Indians sweep White Sox

CLEVELAND (AP) — After starting this season 23-10, the Chicago White Sox are heading in the opposite direction.

Swept on Sunday by the Cleveland Indians on Jose Ramirez’s bad-hop, walk-off single in the 10th inning against closer David Robertson (0-1), the White Sox have lost 26 of their last 36 games.

The 3-2 loss marked the second last at-bat win of the series for Cleveland and continued a troubling slide for the White Sox, who were one of baseball’s biggest surprises in the first two months.

“Got the contact we needed, ball just took a weird hop and a found hole and that was it,” Robertson said. “It’s like we just can’t get any good luck to go our way.”

With two outs and the bases loaded in the 10th, Ramirez hit a sharp grounder to Jose Abreu at first base. Abreu had a tough time reading the ball and slid to the dirt as the ball bounced past him, allowing Rajai Davis to score the winning run. Abreu thought about charging the chopper before the bounce, but felt he had only one option.
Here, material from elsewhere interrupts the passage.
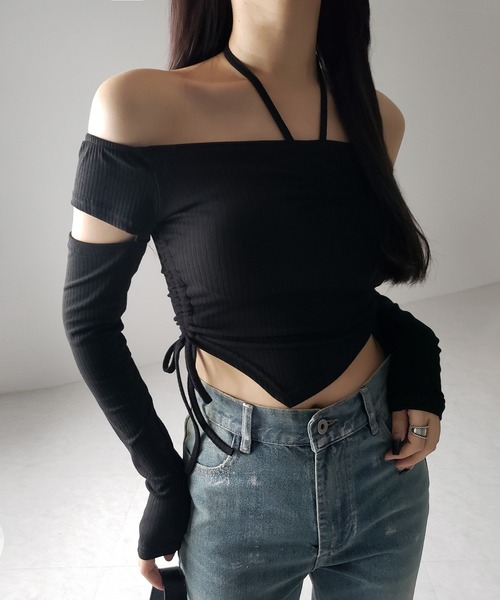 M me eme サイドリボン ビジュー オフショル シアートップス BLACK M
“The bounce was farther than what I was expecting,” Abreu said, through a translator. “My only alternative was to try to dive back and to see if I could catch the ball. It was a very tough play.”

Davis started the 10th with a double off Robertson and moved to third on a sacrifice by Jason Kipnis. Robertson loaded the bases with back-to-back intentional walks to Francisco Lindor and Mike Napoli, bringing up Carlos Santana, who hit a walk-off home run on Friday night.

Santana fouled out to third baseman Todd Frazier when the White Sox went with a five-man infield, before Ramirez hit the game-winning single.

“We were trying everything,” manager Robin Ventura said. “It’s a tough one to lose.”

Davis finished the day 4 for 5 with two singles, two doubles and two runs. Three of those hits came off White Sox starter Carlos Rodon, who allowed two runs on eight hits in 6 1/3 innings.

The White Sox couldn’t do much damage off of Indians starter Carlos Carrasco, who made his fourth start since coming off the disabled list with a strained left hamstring.

Chicago finished with two runs and five hits off of Carrasco, one of which was a solo home run by Melky Cabrera in the fourth inning.

Chicago’s other run came in the first inning, when Tim Anderson started the game with a double, took third on a sacrifice and scored on Abreu’s double to center.